Please repeat the data exactly. Any picture in it stays out.

**Dataset excerpt**

◆ ◆ ◆ ◆

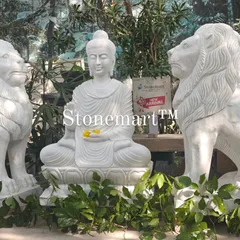 A view of the 4-foot Buddha and lions set amidst greenery. These large garden ornaments are crafted with love by our skilled murtikars using traditional hammer and chisel techniques.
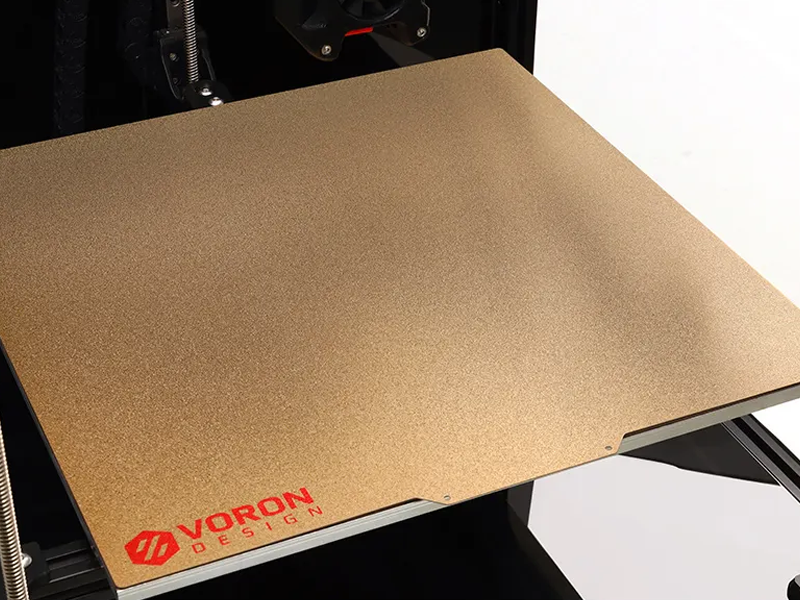 The build surface and build plate on the Voron Trident 3D printer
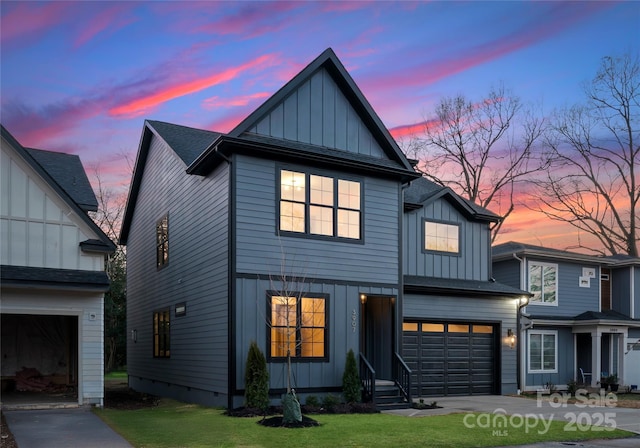 view of front of property with board and batten siding, driveway, and a garage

◆ ◆ ◆ ◆

**Exercise solution**
 A view of the 4-foot Buddha and lions set amidst greenery. These large garden ornaments are crafted with love by our skilled murtikars using traditional hammer and chisel techniques.
 The build surface and build plate on the Voron Trident 3D printer
 view of front of property with board and batten siding, driveway, and a garage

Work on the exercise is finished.